Carcassonne is a fun tile laying euro game where your meeples set out to claim farmlands, cities, roads, and cloisters. Draw the right tiles and claim the right property and you can find yourself ahead and victorious!

GAME PLAY:
Carcassonne is an easy game to teach and learn. There are only a few basic moves and the pieces repeat regularly so there are no curve balls half way through the game. The game is played by drawing and playing a tile. On each tile there may be a city, road, cloister, and/or farmland. Only you can claim an area on your tile and you can only claim one area, even if there are several different area types on a single tile. You claim an area by playing one of your meeples on it to show that it is your land. Here’s a rundown of the different areas and how they work and score.

Farmland: Takes the most space of your land.
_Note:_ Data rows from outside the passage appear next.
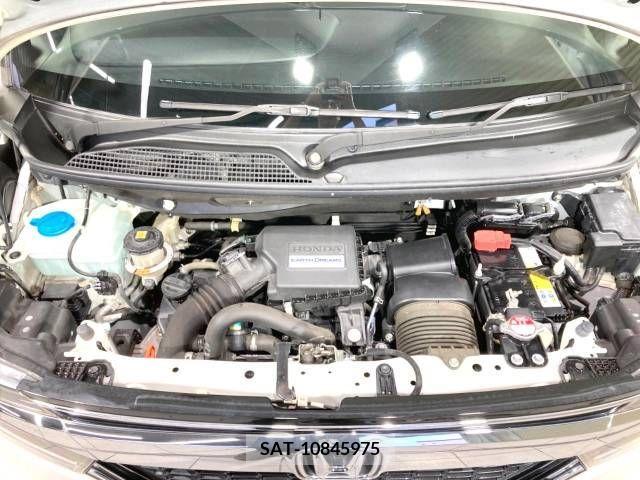 Honda N BOX CUSTOM 2018-04 279053-18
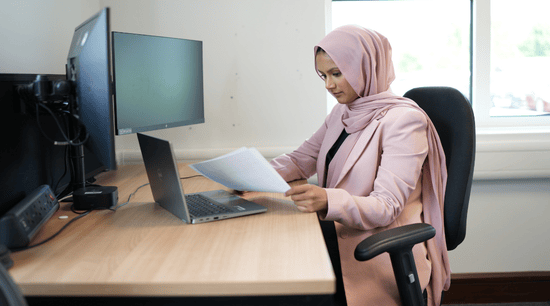 Umme at desk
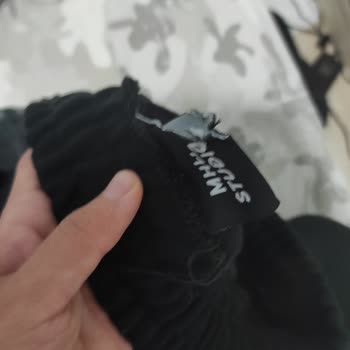 Sipariş Ettiğim Bedenden Çok Büyük Ürün Ve Etiketi Kesilmiş Şekilde Gönderildi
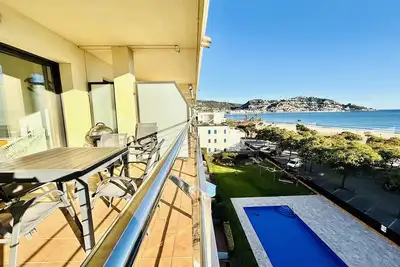 Image de Mil. Leni I, Dúplex con encanto y vistas al mar en Roses Disfruta del paseo marítimo!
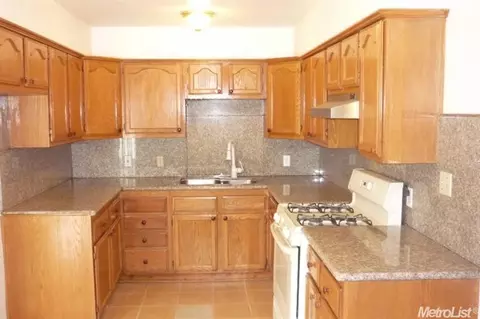 6801 27th St, Sacramento, CA 95822 photo 6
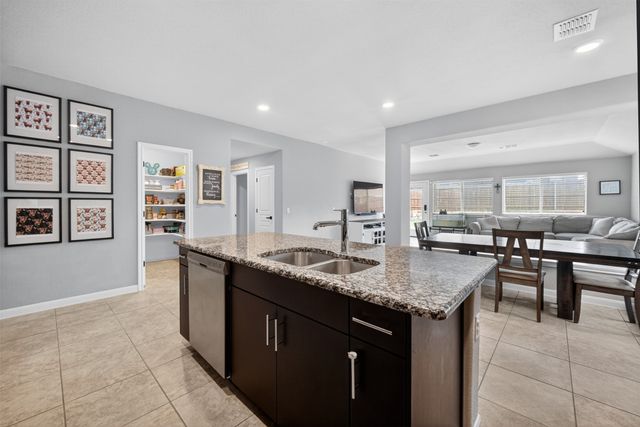 809 Cloverwood Drive, Fort Worth, TX 76036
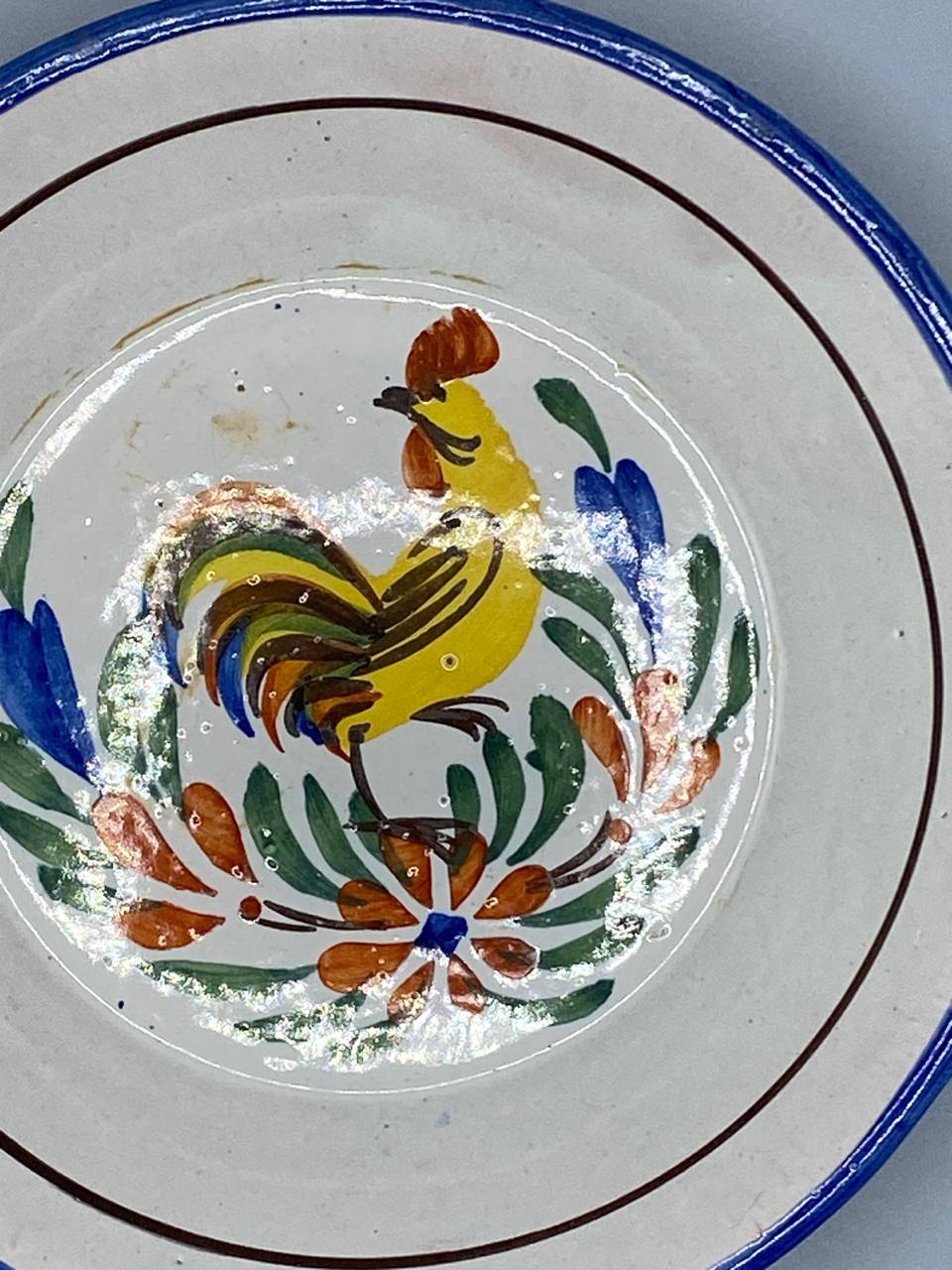 Assiette ancienne en faïence – Décor coq polychrome – Bord bleu cobalt – Faïence populaire française
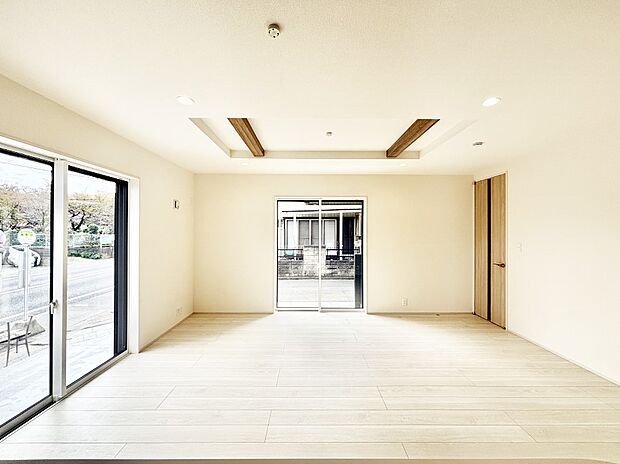 家族の笑顔が自然と生まれてくる、そんな雰囲気のダイニングに仕上がっています 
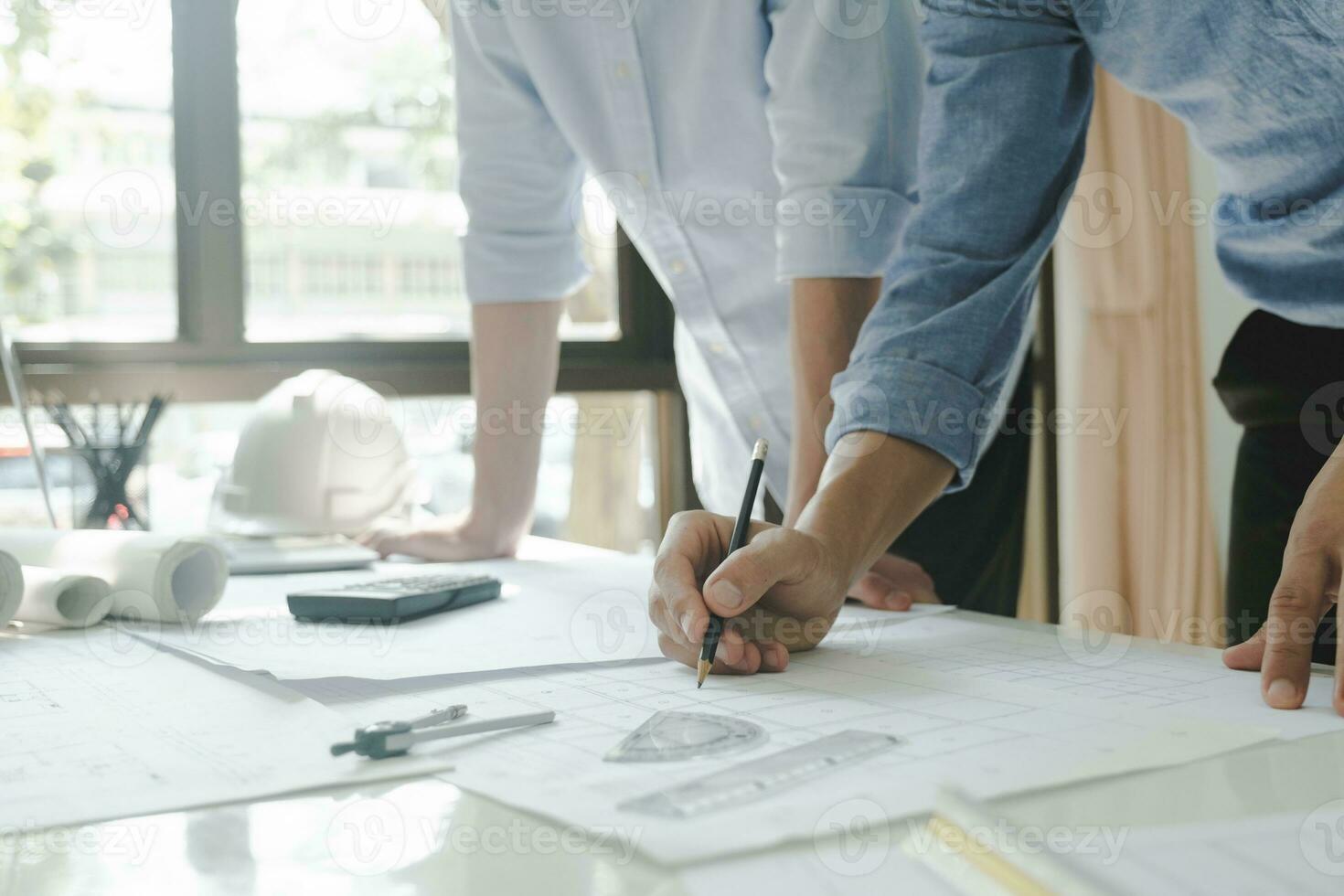 Ingenieur, Architekten Arbeiten zusammen. foto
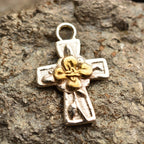„Kreuz mit Blume“-Anhänger aus 925er Silber mit goldfarbenen Akzenten – Symbol für Glauben, Hoffnung, Neubeginn, spirituelle Stärke und Harmonie, handgefertigter Skulpturenschmuck im Boho- und rustikalen Stil | Art Diva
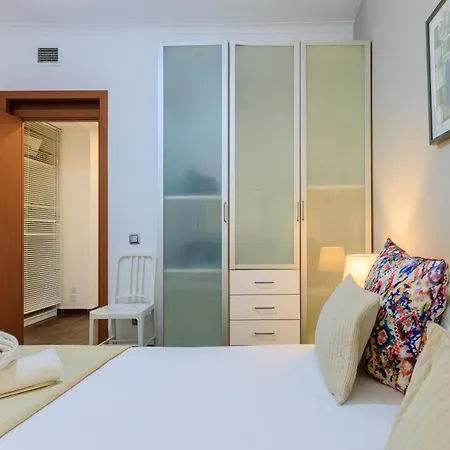 Housalia Corsega - 3 Bedrooms Next To Sagrada Familia Apartment *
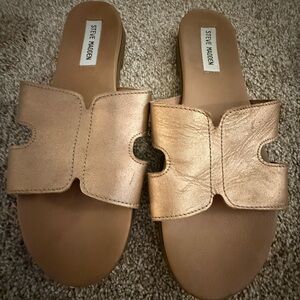 Steve Madden Women's Rose Gold  Slide Sandals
It can yield quite a few points, or if you’re not careful, none at all. To claim a farmland you play your meeple on his side and he gets points for all the completed cities within your pasture land.

Roads: Simple to score and can quickly return your meeple back to your collection. You get one point for every section of road.

Cities: Cities give you two points per section if it is completed and one if not at the end of the game. There are also bonus tiles with a little blue shield that earn you two times the points for that tile.

Cloisters: These are your money makers. You get one point for every square around them, up to nine, counting itself.

Once you close a tile off by completely closing in your city or cloister you will get your meeple back to play him again on another piece of land, but you have to be careful in how you use them or you won’t have enough to go around.

COMPONENTS:
The components are pretty simple. Classic nice wooden meeples and sturdy cardboard tiles. We have played through this game many times and have seen little wear on the cardboard. You will get lots of play out of the pieces.

PROS:
• The game is easy to teach. There are just a few actions that can take place in the base game that make it easy for new players to learn how to place.
• Game play is fairly quick. It won’t take long to teach or play, allowing for lots of replay value.
• There are lots of expansions for this game to add on to it. You can play a short quick game with the base, or draw it out and really make it last with a few expansions.

CONS:
• I think the game is more luck based then strategy based. You never know what tile you are going to pull, but you do have to know how and where to put your meeple.
• At first its difficult to say Carcassonne. We pronounce it car-cas-sone.

OVERALL:
I would say this is a pretty decent game. All of the components and mechanics work very well. That being said, Carcassonne is not a game that I long to play. I was recently at a dinner party, and while some of us guys were waiting on the ladies we hashed out a game. It’s a good filler game, and I could see how others would be more obsessed with it and want more or all of the expansions. Final words… I’m glad one of my friends owns it, but that I don’t.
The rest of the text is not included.